So many mysteries in the deep
September 30, 2012
After 25 years, you might think we had seen all there is to see here in the deep Pacific Ocean, but today was a good reminder that that is definitely not true! During the first hour of our remotely operated vehicle (ROV) dive today, we encountered a very bizarre deep-sea anglerfish from the family Gigantactinidae that we have never filmed before. It had an extremely long lure that was “shaggy” at the tip. Completely amazing!
I work in the video lab, and my job is to watch the ROV videos and annotate the animals and habitat that we see during MBARI dive missions. I have been working at MBARI for 16 years, yet today we observed a second fish I have never seen before. Plus, we caught another mystery mollusc. The mystery mollusc is an unusual new midwater species of sea slug that is in the process of being described.

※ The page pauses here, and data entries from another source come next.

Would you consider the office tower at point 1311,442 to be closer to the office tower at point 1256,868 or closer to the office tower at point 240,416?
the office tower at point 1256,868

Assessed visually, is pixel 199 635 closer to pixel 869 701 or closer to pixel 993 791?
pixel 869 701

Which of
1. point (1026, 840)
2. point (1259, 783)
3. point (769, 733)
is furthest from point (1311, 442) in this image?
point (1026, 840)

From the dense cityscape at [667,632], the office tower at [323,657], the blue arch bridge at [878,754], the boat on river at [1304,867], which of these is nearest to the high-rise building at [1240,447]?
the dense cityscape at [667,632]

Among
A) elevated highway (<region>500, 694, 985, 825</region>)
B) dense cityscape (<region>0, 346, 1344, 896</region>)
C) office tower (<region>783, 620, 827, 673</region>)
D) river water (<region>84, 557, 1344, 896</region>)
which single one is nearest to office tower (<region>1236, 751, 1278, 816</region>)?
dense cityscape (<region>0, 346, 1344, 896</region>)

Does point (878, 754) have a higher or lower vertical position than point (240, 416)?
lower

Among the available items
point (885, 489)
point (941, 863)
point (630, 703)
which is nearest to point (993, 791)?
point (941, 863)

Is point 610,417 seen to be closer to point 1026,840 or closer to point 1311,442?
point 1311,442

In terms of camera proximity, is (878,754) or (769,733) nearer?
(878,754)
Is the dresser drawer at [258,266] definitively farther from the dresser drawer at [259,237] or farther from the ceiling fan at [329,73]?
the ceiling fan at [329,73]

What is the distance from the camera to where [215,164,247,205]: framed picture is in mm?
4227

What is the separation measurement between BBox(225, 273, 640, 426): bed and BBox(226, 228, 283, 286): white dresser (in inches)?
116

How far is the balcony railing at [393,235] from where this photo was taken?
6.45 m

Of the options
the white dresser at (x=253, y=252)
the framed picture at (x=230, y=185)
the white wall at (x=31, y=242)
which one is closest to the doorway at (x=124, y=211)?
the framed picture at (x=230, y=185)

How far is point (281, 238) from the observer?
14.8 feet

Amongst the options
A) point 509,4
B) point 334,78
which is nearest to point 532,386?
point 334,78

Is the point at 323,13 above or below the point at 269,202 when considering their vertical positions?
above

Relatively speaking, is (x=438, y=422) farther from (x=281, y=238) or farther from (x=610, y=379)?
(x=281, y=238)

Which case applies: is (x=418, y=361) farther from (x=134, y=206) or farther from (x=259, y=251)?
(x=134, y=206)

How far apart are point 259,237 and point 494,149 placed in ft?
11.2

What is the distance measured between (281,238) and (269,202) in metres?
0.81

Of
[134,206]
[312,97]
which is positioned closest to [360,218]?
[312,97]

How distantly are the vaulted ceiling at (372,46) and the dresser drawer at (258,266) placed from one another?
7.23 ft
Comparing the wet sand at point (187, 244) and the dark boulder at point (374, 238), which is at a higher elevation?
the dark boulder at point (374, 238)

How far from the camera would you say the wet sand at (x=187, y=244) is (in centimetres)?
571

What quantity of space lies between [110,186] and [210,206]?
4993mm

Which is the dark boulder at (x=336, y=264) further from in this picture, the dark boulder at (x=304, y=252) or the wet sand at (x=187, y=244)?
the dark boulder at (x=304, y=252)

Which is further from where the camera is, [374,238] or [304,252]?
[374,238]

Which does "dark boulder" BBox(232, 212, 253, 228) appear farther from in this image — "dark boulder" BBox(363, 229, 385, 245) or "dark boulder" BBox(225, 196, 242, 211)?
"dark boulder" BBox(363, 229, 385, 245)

Today’s dive site is the farthest offshore that we are planning to go. During our dive, Steve Haddock noticed that our longitude was reading 123° 45′ (1-2-3-4-5…). We managed to fit in two shorter dives today, and now the scientists are very busy working with two loads of specimens from the sample containers on the ROV.
We collected several superstars in the bioluminescent realm, such as Tomopteris (a midwater worm),Sternoptyx (silver dollar hatchetfish), Argyropelecus (hatchetfish), and several very bright ctenophores. Steve Haddock and Meghan Powers will photograph the light patterns of these specimens in the darkroom onboard the ship. They will also measure the spectrum (wavelength) of the light emissions. Steve and Meghan are trying to understand the biochemistry behind the variety of ways deep-sea organisms are able to create light.
As you can tell, there is still much to learn about the animals living deep in Monterey Canyon, and in the global ocean. We have only just begun to scratch the surface. We’ll see what tomorrow brings.